Still from the top of Riber you can see Rockside in a prominent position on the hillside above Smedleys. It looks different, more impressive, more stylish - tall and elegant twin towers and altogether more modernlooking


IF YOU WALK to the top of Riber and look across the Derwent Valley to the great dramatic sweep of Matlock Bank you can still see how totally Matlock was once dominated by the hydros and the hydropathy movement.

A positive obsession to Victorians and Edwardians, and a fashionable frolic in the twenties and thirties, hydropathy was a victim of the Second World War. Shabby and outdated, some of the hydros struggled on for a few post-war years, but their era drew to a close half a century ago.

Surprisingly, given the 1960s enthusiasm to tear down Victorian buildings, almost all the old hydros survive to this day. The first, largest and arguably, least attractive architecturally, Smedley's has been the County Council's headquarters since 1956; Lilybank is a residential home for the elderly, Chatsworth is a County Council office, Jackson House is an hotel, and Derbyshire Records Office is in the former Oldham Hydro which served as the Ernest Bailey Grammar School for many years.

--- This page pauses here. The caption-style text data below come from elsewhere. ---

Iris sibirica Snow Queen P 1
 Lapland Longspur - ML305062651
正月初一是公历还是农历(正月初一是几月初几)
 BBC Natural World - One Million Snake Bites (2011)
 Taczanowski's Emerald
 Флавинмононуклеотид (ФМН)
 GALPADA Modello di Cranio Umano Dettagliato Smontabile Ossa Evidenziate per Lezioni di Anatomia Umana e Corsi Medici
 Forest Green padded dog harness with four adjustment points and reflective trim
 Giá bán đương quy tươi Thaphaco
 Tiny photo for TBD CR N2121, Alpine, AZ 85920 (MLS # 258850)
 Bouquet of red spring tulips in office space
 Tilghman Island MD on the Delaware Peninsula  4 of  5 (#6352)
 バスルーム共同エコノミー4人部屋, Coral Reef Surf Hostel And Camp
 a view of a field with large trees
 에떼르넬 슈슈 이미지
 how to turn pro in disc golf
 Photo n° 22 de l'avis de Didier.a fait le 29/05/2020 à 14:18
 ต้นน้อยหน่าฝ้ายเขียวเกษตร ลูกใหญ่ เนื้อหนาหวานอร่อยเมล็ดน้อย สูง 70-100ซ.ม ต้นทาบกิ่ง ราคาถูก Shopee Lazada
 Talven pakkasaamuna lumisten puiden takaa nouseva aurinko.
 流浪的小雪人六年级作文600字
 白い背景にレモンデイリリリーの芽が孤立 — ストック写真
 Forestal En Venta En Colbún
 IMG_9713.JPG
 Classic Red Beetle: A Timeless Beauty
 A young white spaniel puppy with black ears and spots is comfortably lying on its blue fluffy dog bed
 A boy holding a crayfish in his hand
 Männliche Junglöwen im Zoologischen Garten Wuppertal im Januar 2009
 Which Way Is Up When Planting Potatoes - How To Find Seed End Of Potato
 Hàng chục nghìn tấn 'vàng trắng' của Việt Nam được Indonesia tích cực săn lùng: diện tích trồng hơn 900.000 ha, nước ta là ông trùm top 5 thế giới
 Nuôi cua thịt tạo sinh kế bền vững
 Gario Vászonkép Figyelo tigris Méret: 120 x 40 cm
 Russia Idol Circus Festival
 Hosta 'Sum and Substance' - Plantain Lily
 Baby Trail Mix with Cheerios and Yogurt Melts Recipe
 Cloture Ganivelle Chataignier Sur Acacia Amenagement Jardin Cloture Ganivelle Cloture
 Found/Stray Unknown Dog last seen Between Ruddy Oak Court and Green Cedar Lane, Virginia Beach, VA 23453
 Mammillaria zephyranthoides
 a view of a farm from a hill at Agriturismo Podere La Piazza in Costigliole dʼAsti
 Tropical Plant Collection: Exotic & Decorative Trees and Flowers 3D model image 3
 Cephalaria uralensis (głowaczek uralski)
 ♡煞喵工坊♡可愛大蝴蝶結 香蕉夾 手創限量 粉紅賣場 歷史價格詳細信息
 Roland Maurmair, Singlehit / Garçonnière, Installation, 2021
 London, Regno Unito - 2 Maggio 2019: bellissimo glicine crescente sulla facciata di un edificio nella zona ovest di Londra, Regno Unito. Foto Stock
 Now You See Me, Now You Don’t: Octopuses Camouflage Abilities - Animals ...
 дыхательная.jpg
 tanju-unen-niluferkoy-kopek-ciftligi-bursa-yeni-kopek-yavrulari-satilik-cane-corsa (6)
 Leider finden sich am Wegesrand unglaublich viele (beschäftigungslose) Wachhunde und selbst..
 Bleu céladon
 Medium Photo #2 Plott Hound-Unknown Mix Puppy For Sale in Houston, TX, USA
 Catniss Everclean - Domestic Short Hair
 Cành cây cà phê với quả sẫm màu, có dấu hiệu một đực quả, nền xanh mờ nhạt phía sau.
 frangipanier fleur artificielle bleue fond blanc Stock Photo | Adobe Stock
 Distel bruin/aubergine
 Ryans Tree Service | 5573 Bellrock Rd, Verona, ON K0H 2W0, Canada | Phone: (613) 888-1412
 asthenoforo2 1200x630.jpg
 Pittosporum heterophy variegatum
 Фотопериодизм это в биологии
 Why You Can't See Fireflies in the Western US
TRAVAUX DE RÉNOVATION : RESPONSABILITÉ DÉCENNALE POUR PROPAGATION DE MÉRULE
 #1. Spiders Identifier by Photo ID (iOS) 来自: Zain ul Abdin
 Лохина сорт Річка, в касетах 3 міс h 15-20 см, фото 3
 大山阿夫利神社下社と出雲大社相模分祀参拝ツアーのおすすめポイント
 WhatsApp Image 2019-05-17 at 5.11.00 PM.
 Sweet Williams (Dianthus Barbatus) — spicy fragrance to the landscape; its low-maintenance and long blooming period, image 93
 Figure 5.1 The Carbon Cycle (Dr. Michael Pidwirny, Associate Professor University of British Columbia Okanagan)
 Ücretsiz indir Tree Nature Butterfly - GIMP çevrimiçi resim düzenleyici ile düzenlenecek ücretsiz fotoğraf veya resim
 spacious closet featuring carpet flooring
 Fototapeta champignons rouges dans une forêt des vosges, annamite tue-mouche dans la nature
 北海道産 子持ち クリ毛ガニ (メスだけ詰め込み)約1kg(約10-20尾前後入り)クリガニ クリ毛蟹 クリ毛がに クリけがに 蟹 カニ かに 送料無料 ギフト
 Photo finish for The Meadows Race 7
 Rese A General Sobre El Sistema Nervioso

They're all still there in new roles with reasonably assured futures.

And then there's Rockside - once one of the most glittering and fashionable of them all but now reduced to a ravaged, vandalised shell, an awful testimony to failed promises, neglect and indifference.

Still from the top of Riber you can see Rockside in a prominent position on the hillside above Smedleys. It looks different, more impressive, more stylish - tall and elegant twin towers and altogether more modernlooking. Appearances aren't deceptive.

The original buildings date from the 1850s, so were in almost at the start after John Smedley, returning from European business visits, decided that Matlock was quite capable of emulating the German spas and fired with his usual zeal, set about building his own hydro.

A continental spa
The original Rockside building was perfectly adequate and typical of its time but, by the turn of the century, the owners decided they needed something really striking, something that would quite literally stand out over the town. Unlike Smedley, they appointed professional architects who, after visiting health resorts and spas in Switzerland and Germany, devised the twin-tower block which nearly a hundred years later is important enough to be a Grade II listed building. Unsurprisingly, it's in English Heritage's register of buildings at risk.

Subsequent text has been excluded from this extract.